§ **TASK INSTRUCTIONS**: I'd like every entry transcribed word for word, with no pictures.

Short descriptive text snippets:
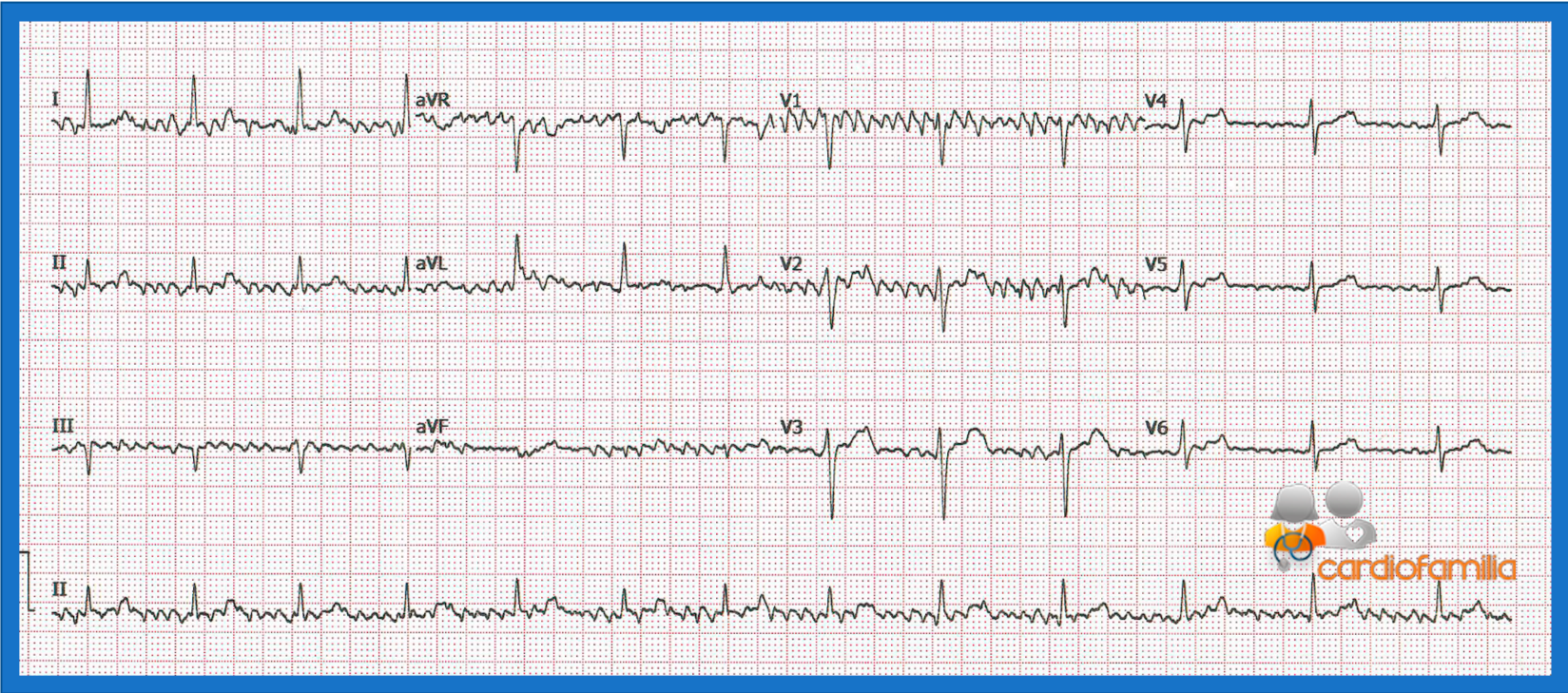 ecg cardiofamilia 11.06.2020 1 1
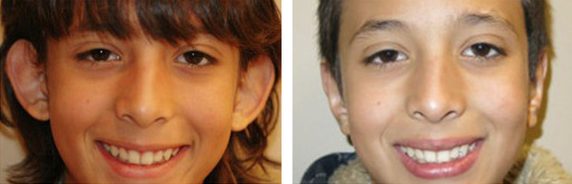 Photo courtesy of Utah Facial Plastic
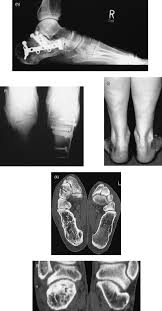 Image result for Calcaneus Compression Fracture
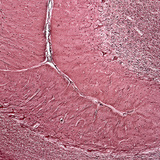 Vue en coupe d'un cervelet humain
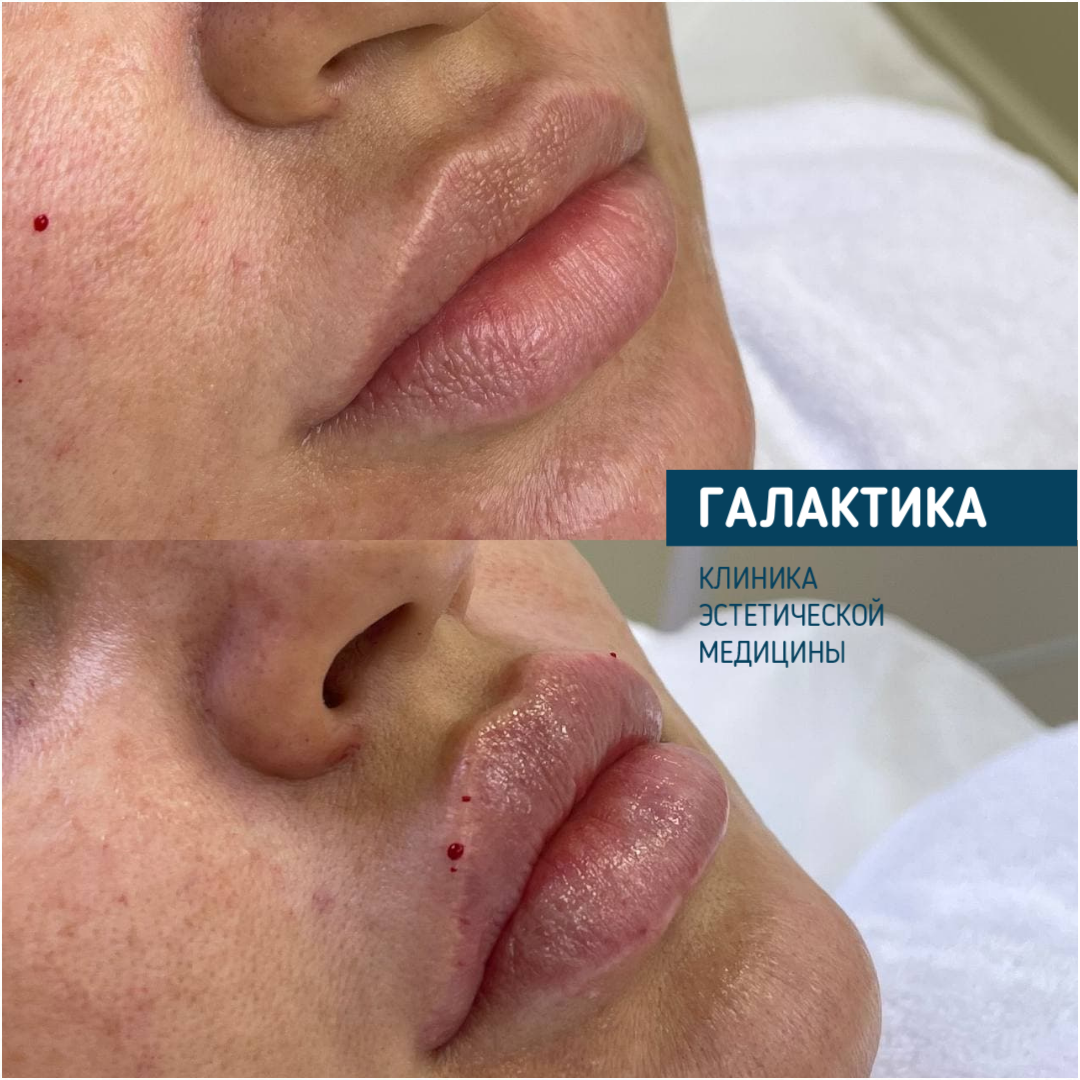 Работа Ольги Дагиевны Миргазовой - врача-косметолога Клиники "Галактика"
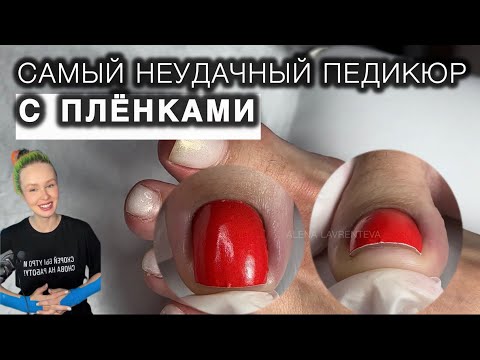 Видео: ПОЧЕМУ ПЛЁНКИ НЕ ПРИКЛЕИЛИСЬ. Неудачный педикюр #аленалаврентьева #педикюр #пленкивпедикюре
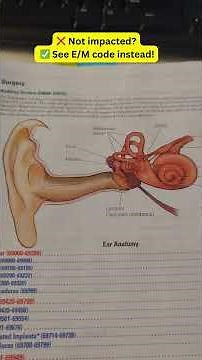 How to Code Ear Wax Removal (CPT 69209 vs 69210) #medicalcoder #cpt #codingtips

§ **ANSWER SPACE**:
 ecg cardiofamilia 11.06.2020 1 1
 Photo courtesy of Utah Facial Plastic
 Image result for Calcaneus Compression Fracture
 Vue en coupe d'un cervelet humain
 Работа Ольги Дагиевны Миргазовой - врача-косметолога Клиники "Галактика"
 Видео: ПОЧЕМУ ПЛЁНКИ НЕ ПРИКЛЕИЛИСЬ. Неудачный педикюр #аленалаврентьева #педикюр #пленкивпедикюре
 How to Code Ear Wax Removal (CPT 69209 vs 69210) #medicalcoder #cpt #codingtips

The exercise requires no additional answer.